- _Dataset content_

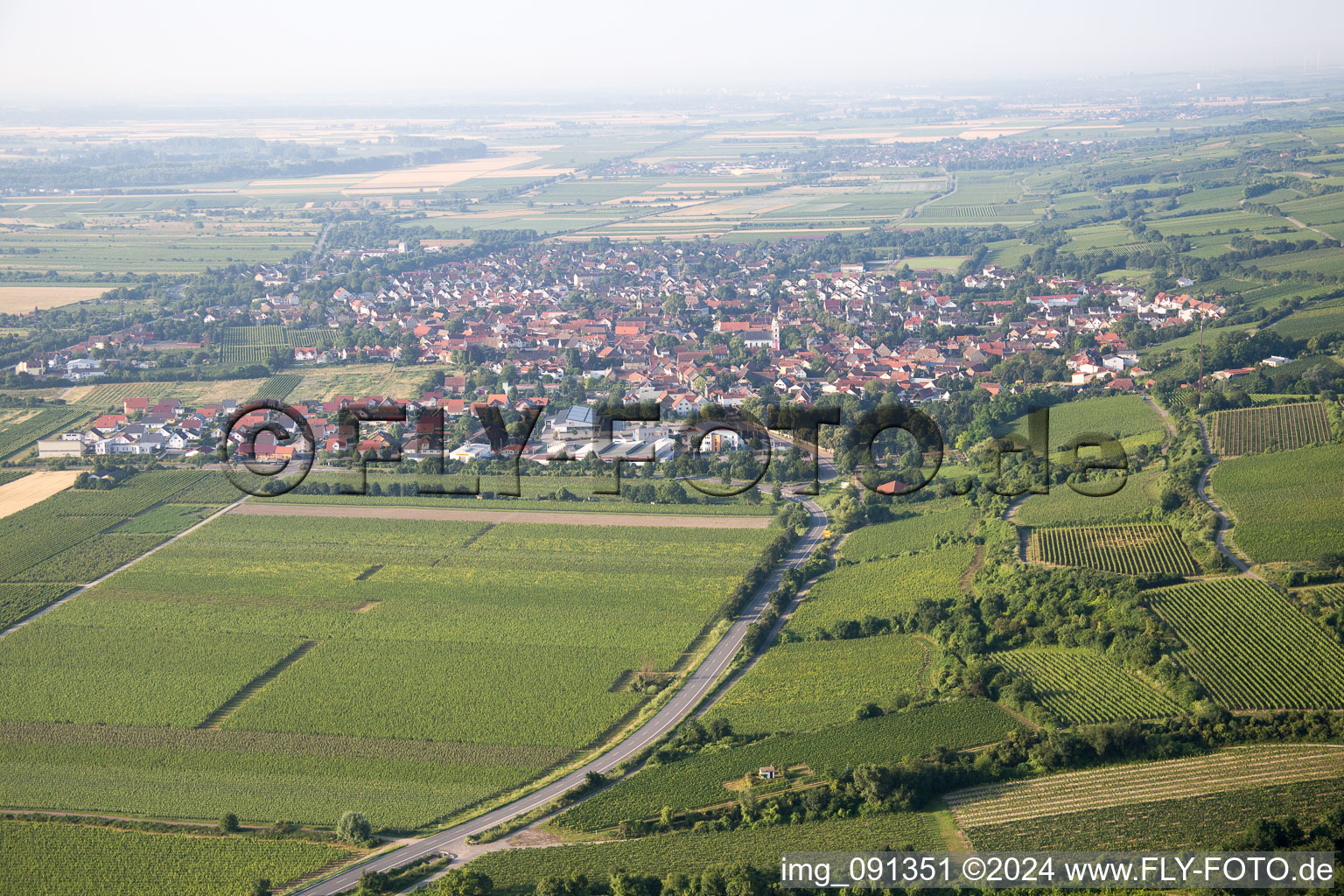 Guntersblum dans le département Rhénanie-Palatinat, Allemagne d'en haut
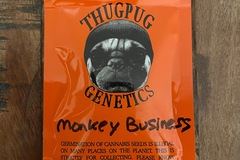 Sell: Thug Pug - Monkey Business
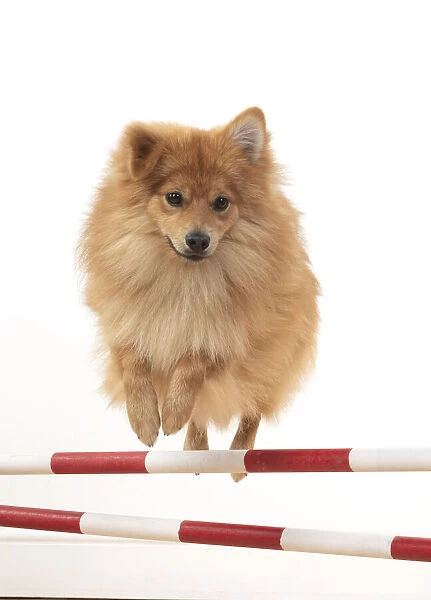 13131240. DOG. Pomeranian, studio, jumping poles Date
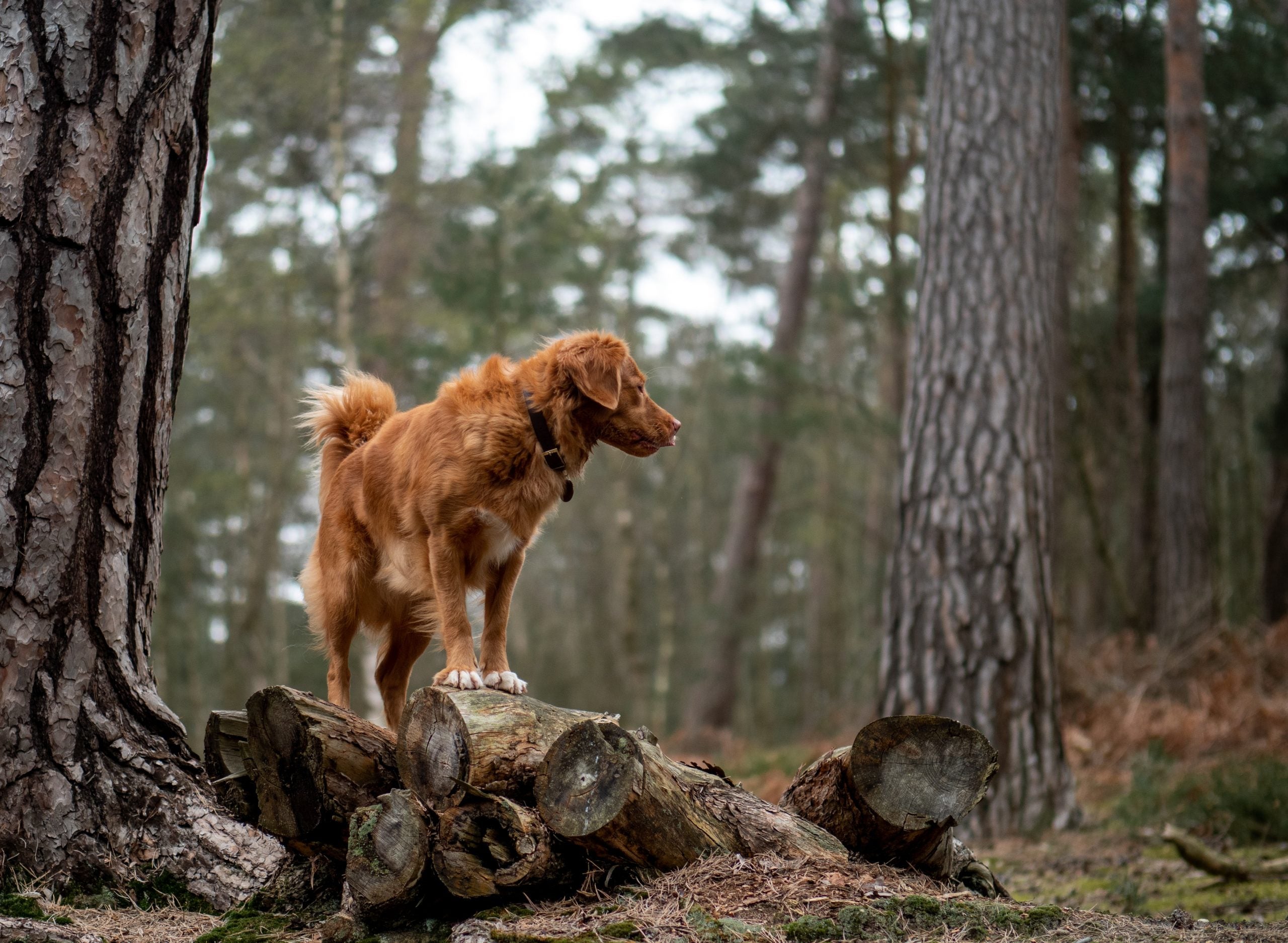 Brown dog wondering in the forest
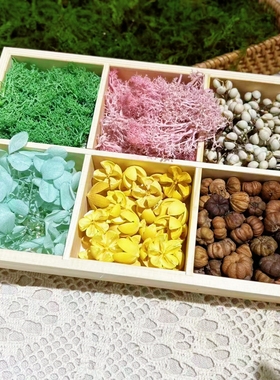 亲子手工课自然干花植物松果橡果苔藓diy木屋配件森系微景观装饰
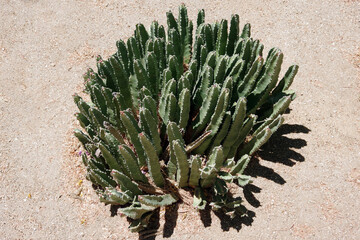 A dense group of cacti in the desert sand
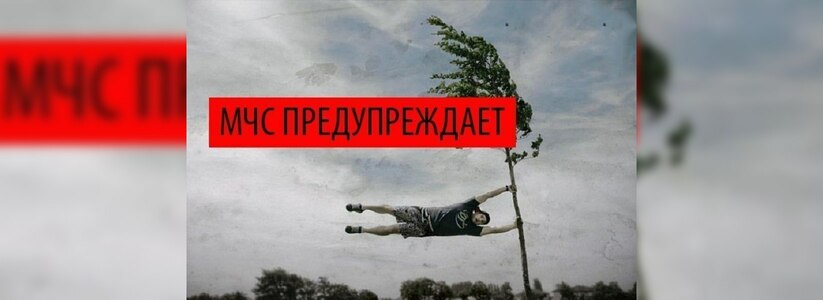 МЧС предупреждает: на Новороссийск надвигается штормовой ветер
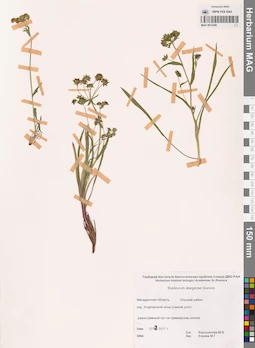 MAG 0013349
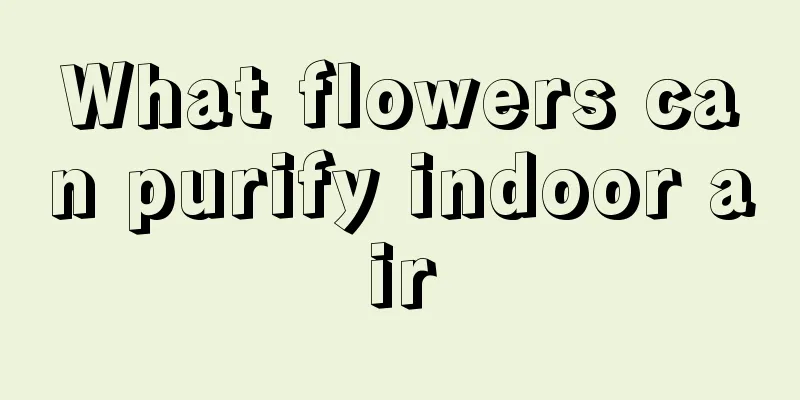 What flowers can purify indoor air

- _What to produce_
Leave the pictures out and restate the listing word for word.

- _The completed task_
 Guntersblum dans le département Rhénanie-Palatinat, Allemagne d'en haut
 Sell: Thug Pug - Monkey Business
 13131240. DOG. Pomeranian, studio, jumping poles Date
 Brown dog wondering in the forest
 亲子手工课自然干花植物松果橡果苔藓diy木屋配件森系微景观装饰
 A dense group of cacti in the desert sand
 МЧС предупреждает: на Новороссийск надвигается штормовой ветер
 MAG 0013349
 What flowers can purify indoor air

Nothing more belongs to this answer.